Generally, execution environments for Java can get implemented in various ways and it is impossible to say what “Java” does in general.
When the application is built, both classes A
and B
are loaded into memory
by the static loader.
Both classes are in memory, along with the definitions of all their member methods.
The standard way of deployment is to compile Java source code to bytecode. When the application is executed, the classes will be loaded. There is no such thing as a “static loader”. There are different class loaders. When the class files are delivered on the class path, they will be loaded by the application class loader.
When B
is instantiated with the above statement, a memory space in the heap
is allocated for that object b
.
The methods m1()
, m2()
and m99()
all have their definitions in this space of b
.
As said by Andreas, the method definitions are part of the JVM’s class representation. The object only contains a reference (pointer) to the class.
These method definitions are only references to the method "templates" existing
in the class definitions. In the class, these methods are sequences of operations--
parameterized operations if the method is executing on any parameter and/or global variable.
The terms “definitions” and “templates” and the way you use them, are creating unnecessary confusion. The instruction sequences are part of a methods definition. There is a reference from the object to these definitions, either indirectly via the already mentioned reference to the class, or directly via a table of method pointers, known as “vtable”, a widespread optimization.
When one of the methods, say b.m99()
is invoked at runtime, JRE goes to class definition of B
to get that "template" (sequence of operations), looks up the current values of the fields of b
, fills in that "template" with the current values of these field(s), also pushes these current values to the stackspace and runs the methods by executing these operations it found on the class definition.

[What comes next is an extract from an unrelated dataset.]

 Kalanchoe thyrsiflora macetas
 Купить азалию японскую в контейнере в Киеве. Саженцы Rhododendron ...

You should forget about that term “template”. The method definition contains a sequence of executable instructions and the JVM will execute these instructions. For instance methods, a pointer to the object data becomes the implicit first argument. No template will be filled with anything.

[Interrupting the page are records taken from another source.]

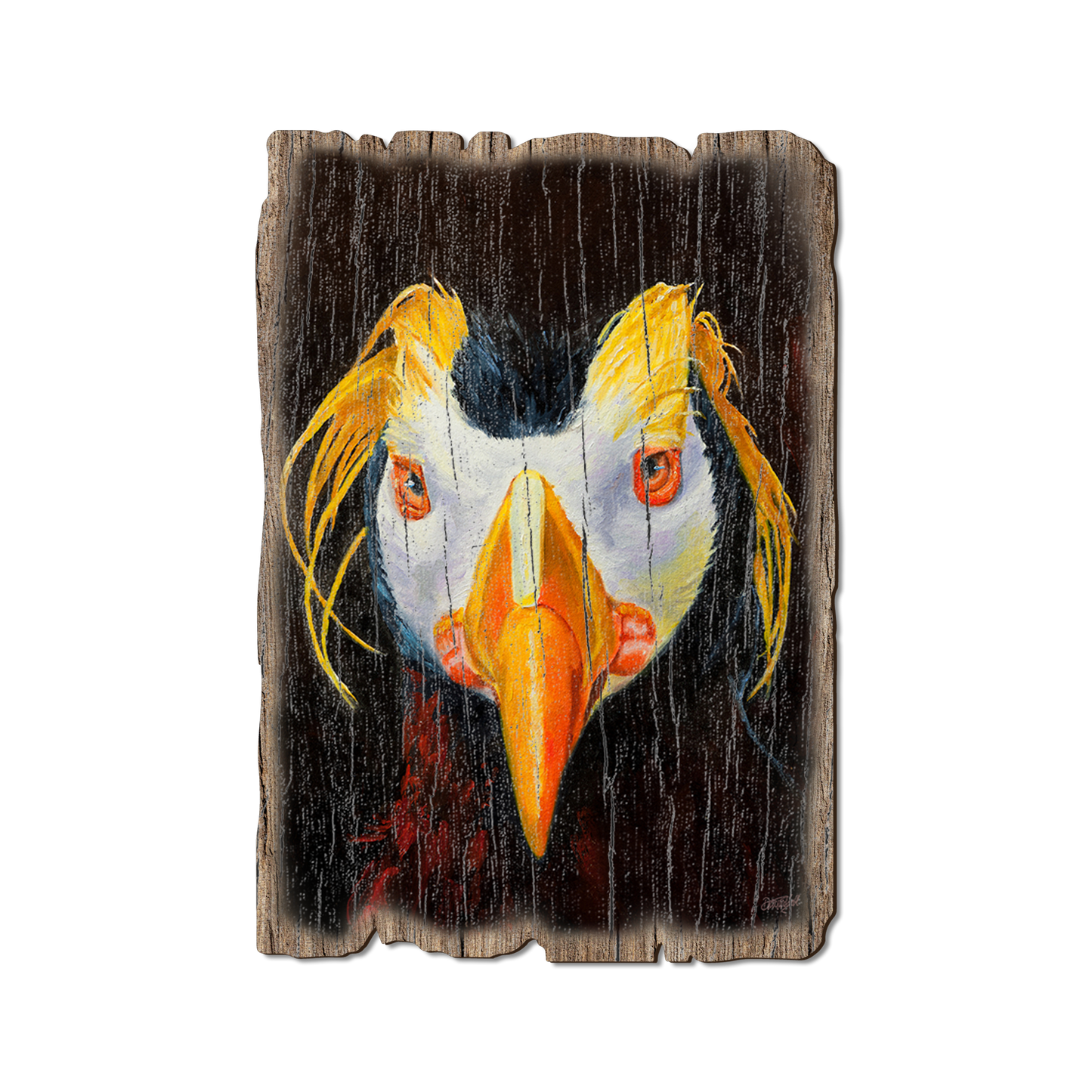 Greeting Card: Weathered Edge - Twitchell's Tufted Puffin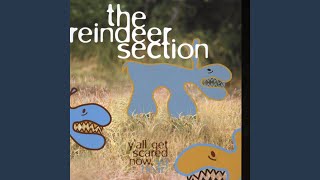 Video thumbnail of "The Reindeer Section - If Everything Fell Quiet"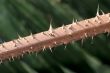 thorn on a stem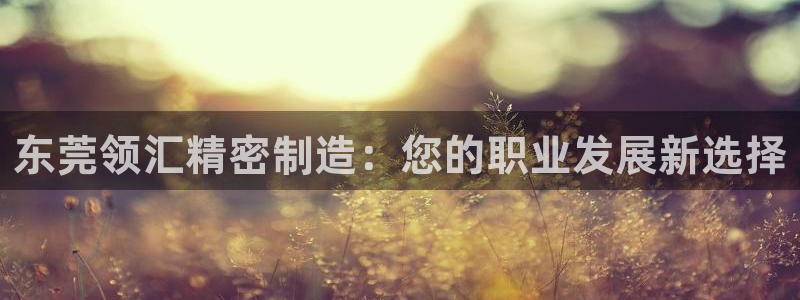 彩神8彩平台官网：东莞领汇精密制造：您的职业发展新选择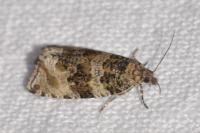 Celypha lacunana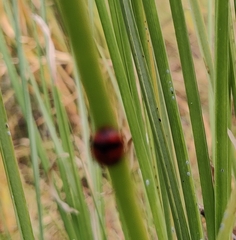 Coccinella transversalis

If the method is inherited from a superclass, Eg. m2()
above, the definition of that
method in the class (the definition mentioned in Paragraph-A above) is itself a reference to the definition of m2()
in class A.
At runtime, when b.m2()
is executed, JRE goes directly to class A
to find that "template" for the low-level operations to execute.
This is an implementation detail, but hold your breath…

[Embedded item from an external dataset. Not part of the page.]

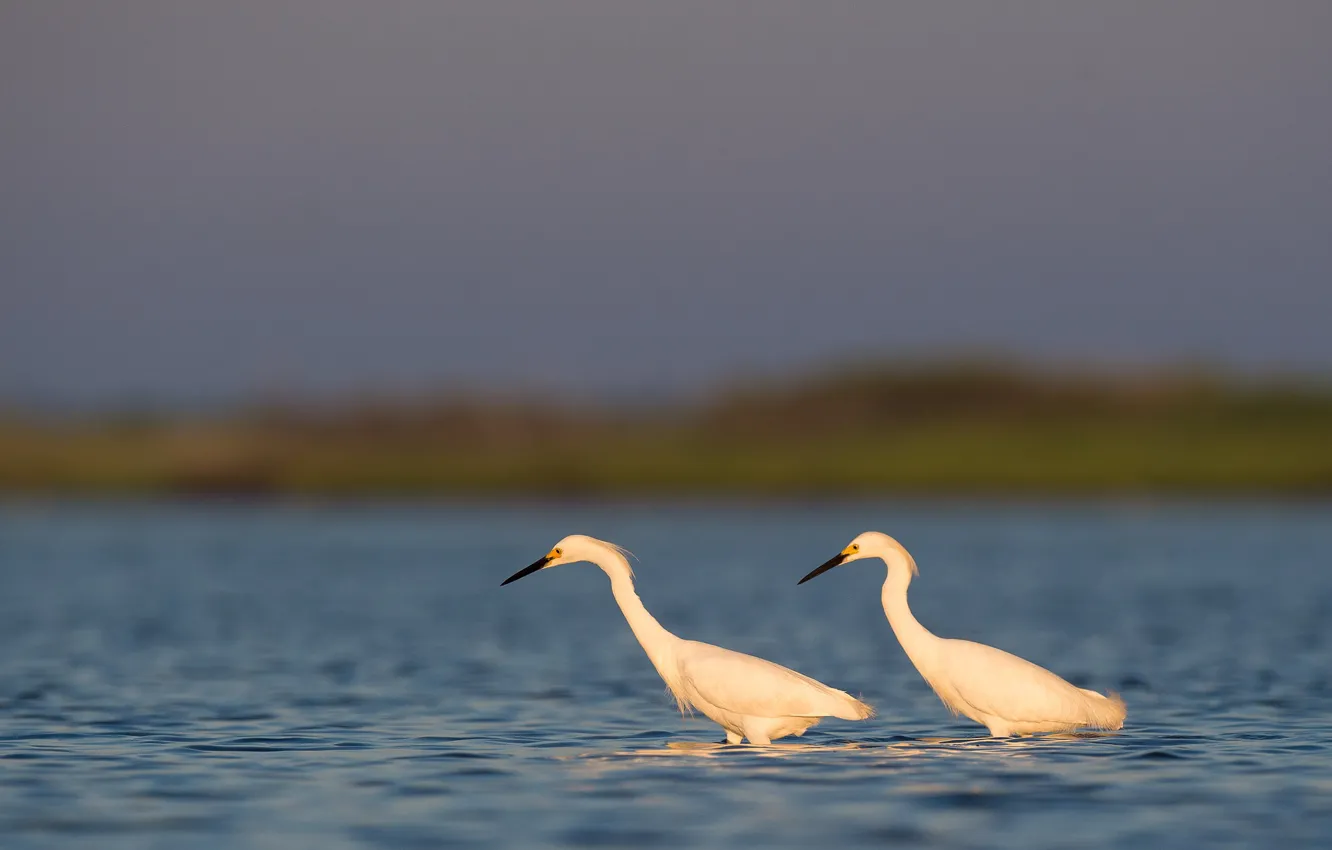 Photo wallpaper lake, birds, sunlight, wildlife, hunting, Egrets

These references to method definitions are checked at compile time and put into the bytecode. Eg. in the bytecode for the above case, class B
has, a direct reference to method m2()
of class A
for method m2()
it's inheriting from A
.
This is not, how Java works. In Java, the compiler will check for the presence of the invoked method, which succeeds as B
inherits the method from A
and its accessible, then, it will record an invocation as written in source code, for m2()
invoked on B
.
The fact that B
inherits the method, is an implementation detail of B
and allowed to change. A future version of B
may override the method. If that happens, A.m2()
may even get removed. Or a class C
may get introduced between A
and B
(C extends A
and B extends C
), which are all backwards compatible changes.
But back to the previous section, at runtime, an implementation may utilize the knowledge about actual inheritance. A JVM could search the super type hierarchy each time, a method is invoked, that would be valid but not very efficient.
A different strategy is to have the “vtable” mentioned above. Such a table is created for each class when it is initialized, starting with a copy of all superclass methods, entries of overridden methods replaced, and newly declared methods at the end.
So when an invocation instruction is executed the first time, it gets linked by determining the associated index in the vtable. Then, every invocation only needs to fetch the method pointer from the vtable of the object’s actual class, without ever traversing the class hierarchy.
That’s still only the way, an interpreted or less optimized execution works. When the JVM decides to optimize the invoking code further, it may predict the actual target of the method invocation. There are two ways in your example
the JVM uses the knowledge that A.m2()
has never overridden (it would have to remove such an optimization when a new class is loaded which does override the method)
It analyzes the code path, to determine that for B b = new B(); b.m2();
the target is fixed as the result of new B()
is always of type B
, not a superclass and not a subclass.
When the target is predicted, it can be inlined. Then, the optimized code simply does System.out.print(new Date());
and when there’s no other use of the B
instance, even the allocation may get eliminated.
So what the JVM does at runtime, may be entirely different than what has written in source code. Only the perceivable result (the date is printed) will be the same.